Watched both Fyre documentaries yesterday - so the emphasis on that part of "evaluating" your place in life comes from that.
The Hulu one is better, so watch that first - if you have the interest.
Hulu: Fyre Fraud
Netflix: FYRE: The Greatest Party That Never Happened
With actors, at least there was a craft. With models, at least there is beauty.
With this new form of - idk - there is just "my brand is staying healthy and positive" (direct quote from two influencers in the documentary which translates to "most commercially viable"), and fake smiling into camera. To be honest, its the fake smiling thats killing me. Apart from the entire rest..
And that I can't stomach "you can become living brand testimonial" as something worth to aspire to - and I think, that that pretty much holds universally, not just with my ethics/moral priming. There is something deeply sad about people who are actively trying to achieve that goal.
But I think you have laid it out pretty much correctly as well.
Thats on the second part.
On the first part, the only points that I have to add is, that I personally think of free market capitalism as a model to basically take everything that inherently drives human beings - pronounce it good/right prima facie, and then let drive alone create value.
All the big concept stuff of somehow irrationality becomes best approximation of real value and so forth isn't true in the slightest. But people pay what they are willing to pay is.
Now there is public sector work for example which also generates huge value - but isn't even part of free market calculations. But its more than an externality. Also there have to be questions asked about projects that take more time than 5 or 10 years, because not many corporations have venues to tackle stuff like that (R&D). Looking at that stuff changes your understanding of value.
Everything that drives one person to exceed in their first half of their working lives, and if they are lucky a little longe, is what drives capitalism, and what it can deliver or channel. Everything of value that goes beyond that, is out of its reach. (You need other institutions/systems for that.)
Also let me also emphasize on that you should never look at your models as a representation of reality. It is the biggest mistake anyone can make. "The map is not the territory" is an important lesson for likely developments in our near future as well.

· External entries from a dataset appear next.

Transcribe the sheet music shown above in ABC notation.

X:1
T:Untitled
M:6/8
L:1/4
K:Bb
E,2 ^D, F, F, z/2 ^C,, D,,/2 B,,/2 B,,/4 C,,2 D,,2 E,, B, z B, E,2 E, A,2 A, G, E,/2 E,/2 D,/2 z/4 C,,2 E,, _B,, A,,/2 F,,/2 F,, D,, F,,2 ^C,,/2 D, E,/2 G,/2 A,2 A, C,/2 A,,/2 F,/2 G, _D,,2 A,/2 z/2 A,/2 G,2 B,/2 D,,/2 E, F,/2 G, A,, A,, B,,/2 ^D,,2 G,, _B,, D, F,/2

You can always pronounce lets say 'free market capitalism' as your model, but once you've set it in place societally, you'll always have to look at the outcome all the time, and take to the parts that were not addressed, not compatible, not working - and find some way to integrate them as well. Thats an ongoing process.

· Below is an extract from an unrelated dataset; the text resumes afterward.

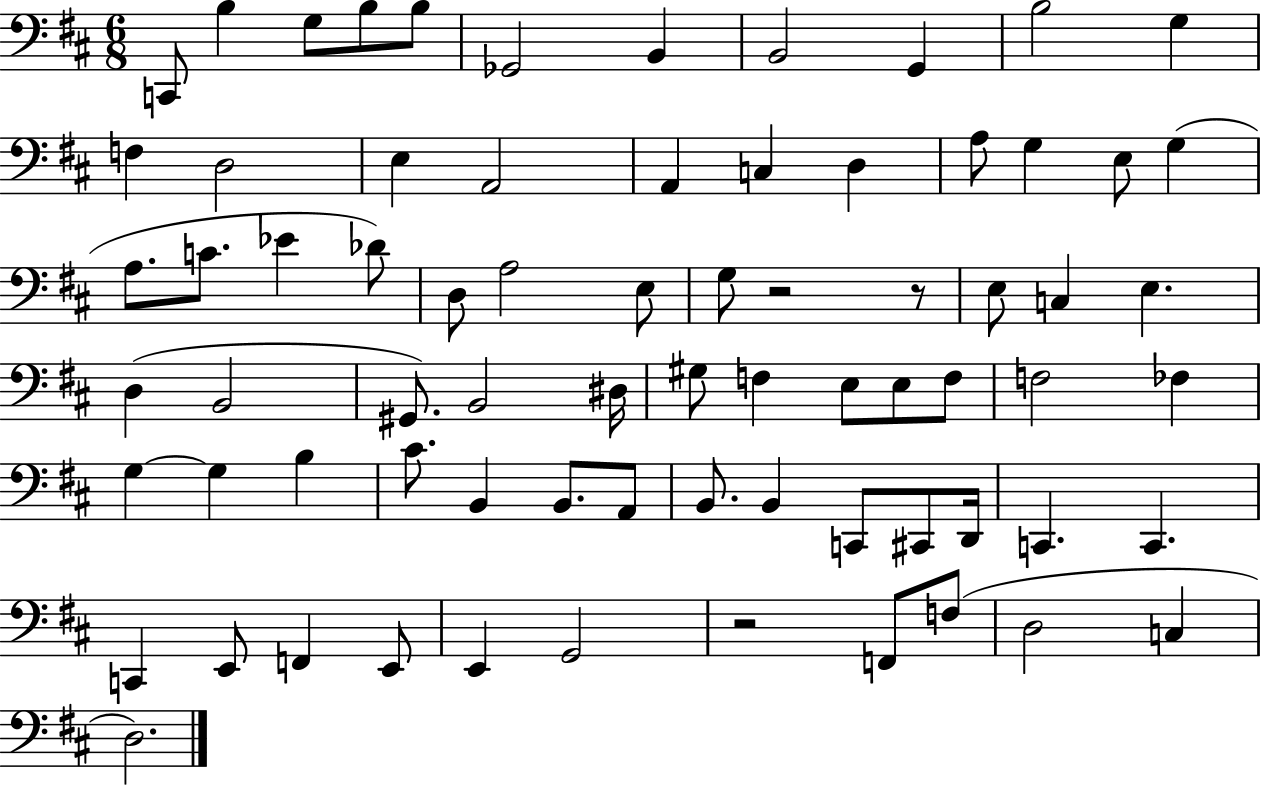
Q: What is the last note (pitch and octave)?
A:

Whats marketing? Everything. 40% of your driving force in free market capitalism. You can lie to the heavens, and people will have no idea. If you cant deliver, and you are good at expectation management and crisis PR, people will have no recourse.
Its the creation of desire. Its the censorship of critical voices. Its the differentiator between people staying at home and traveling around the world for leisure (starting in 1759). Whats effective, best or productive in marketing? We don't know.
But its almost half of the driving principal of capitalism.